En utilisant measureMemory()
j'ai trouvé le coût en mémoire par appel suivant:
Just launch: 88 bytes
withContext(): 512 bytes
async-await: 652 bytes
Le coût de async-await
est exactement supérieur de 140 octets à withContext
, le nombre que nous avons obtenu comme poids mémoire d’un coroutine. Il ne s'agit que d'une fraction du coût total de la configuration du contexte CommonPool
.
Si l'impact performance/mémoire était le seul critère permettant de décider entre withContext
et async-await
, il faudrait en conclure qu'il n'y a pas de différence significative entre eux dans 99% des cas d'utilisation réels.
La vraie raison est que withContext()
une API plus simple et plus directe, notamment en termes de gestion des exceptions:
async { ... }
provoque l'annulation de son travail parent. Cela se produit quelle que soit la façon dont vous gérez les exceptions de la await()
correspondante. Si vous n'avez pas préparé de coroutineScope
pour cela, votre application risque de tomber.withContext { ... }
est simplement levée par l'appel withContext
, vous la gérez comme une autre.withContext
est également optimisé, en exploitant le fait que vous suspendez la coroutine parent et que vous attendez l'enfant, mais ce n'est qu'un bonus supplémentaire.
async-await
devrait être réservé aux cas où vous souhaitez réellement une concurrence, de manière à lancer plusieurs coroutines en arrière-plan et à ne les attendre ensuite. En bref:
async-await-async-await
- identique à withContext-withContext
async-async-await-await
- c'est la façon de l'utiliser.N’est-il pas toujours préférable d’utiliser withContext plutôt que d’asynch-wait car il est fonctionnellement similaire, mais ne crée pas une autre coroutine. Coroutines de grands nombres, bien que léger pourrait toujours être un problème dans les applications exigeantes
Y at-il un cas asynch-wait est préférable à withContext
Vous devez utiliser async/wait lorsque vous souhaitez exécuter plusieurs tâches simultanément, par exemple:
runBlocking {
val deferredResults = arrayListOf<Deferred<String>>()

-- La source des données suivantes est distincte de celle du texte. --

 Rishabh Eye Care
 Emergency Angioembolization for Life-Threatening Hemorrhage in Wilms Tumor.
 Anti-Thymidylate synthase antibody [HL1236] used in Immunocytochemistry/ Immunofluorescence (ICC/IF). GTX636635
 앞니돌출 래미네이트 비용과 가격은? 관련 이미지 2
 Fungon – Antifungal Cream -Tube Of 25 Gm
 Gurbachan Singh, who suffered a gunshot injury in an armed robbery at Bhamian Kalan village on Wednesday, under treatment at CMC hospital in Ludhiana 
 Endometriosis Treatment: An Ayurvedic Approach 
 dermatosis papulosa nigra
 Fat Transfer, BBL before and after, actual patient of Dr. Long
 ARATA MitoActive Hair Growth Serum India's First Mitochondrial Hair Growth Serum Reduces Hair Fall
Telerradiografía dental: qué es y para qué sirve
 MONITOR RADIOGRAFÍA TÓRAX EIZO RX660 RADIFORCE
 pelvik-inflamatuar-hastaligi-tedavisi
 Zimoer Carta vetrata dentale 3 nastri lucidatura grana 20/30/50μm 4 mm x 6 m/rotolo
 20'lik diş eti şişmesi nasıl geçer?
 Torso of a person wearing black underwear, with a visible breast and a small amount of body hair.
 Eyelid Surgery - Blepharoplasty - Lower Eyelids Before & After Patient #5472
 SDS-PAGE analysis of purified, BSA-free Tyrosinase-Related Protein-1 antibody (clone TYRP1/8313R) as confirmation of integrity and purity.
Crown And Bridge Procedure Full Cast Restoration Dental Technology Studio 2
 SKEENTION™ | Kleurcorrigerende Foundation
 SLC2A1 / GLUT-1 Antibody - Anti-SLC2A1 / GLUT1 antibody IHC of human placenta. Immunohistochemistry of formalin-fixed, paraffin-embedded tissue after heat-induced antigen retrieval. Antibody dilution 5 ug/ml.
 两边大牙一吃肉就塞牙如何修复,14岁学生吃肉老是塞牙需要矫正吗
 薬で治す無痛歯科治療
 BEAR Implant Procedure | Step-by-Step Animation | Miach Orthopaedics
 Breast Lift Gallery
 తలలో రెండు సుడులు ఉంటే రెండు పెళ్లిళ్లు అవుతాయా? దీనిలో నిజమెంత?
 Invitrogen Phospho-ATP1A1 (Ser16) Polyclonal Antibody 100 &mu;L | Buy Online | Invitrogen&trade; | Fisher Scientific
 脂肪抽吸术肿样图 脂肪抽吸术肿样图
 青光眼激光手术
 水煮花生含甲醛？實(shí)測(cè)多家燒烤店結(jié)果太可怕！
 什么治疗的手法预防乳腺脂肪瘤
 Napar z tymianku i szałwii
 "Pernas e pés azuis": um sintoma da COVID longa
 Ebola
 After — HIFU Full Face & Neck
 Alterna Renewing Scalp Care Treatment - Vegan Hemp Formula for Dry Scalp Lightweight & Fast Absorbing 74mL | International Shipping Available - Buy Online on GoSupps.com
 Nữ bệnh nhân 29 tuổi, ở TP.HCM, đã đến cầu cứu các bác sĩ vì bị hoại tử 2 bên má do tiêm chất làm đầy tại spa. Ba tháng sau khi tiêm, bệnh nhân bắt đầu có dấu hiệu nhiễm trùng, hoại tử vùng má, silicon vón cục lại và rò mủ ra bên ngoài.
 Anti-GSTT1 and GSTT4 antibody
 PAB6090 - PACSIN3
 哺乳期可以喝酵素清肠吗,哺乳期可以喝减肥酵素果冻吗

deferredResults += async {
delay(1, TimeUnit.SECONDS)
"1"
}
deferredResults += async {
delay(1, TimeUnit.SECONDS)
"2"
}
deferredResults += async {
delay(1, TimeUnit.SECONDS)
"3"
}
//wait for all results (at this point tasks are running)
val results = deferredResults.map { it.await() }
println(results)
}
Si vous n'avez pas besoin d'exécuter plusieurs tâches simultanément, vous pouvez utiliser withContext.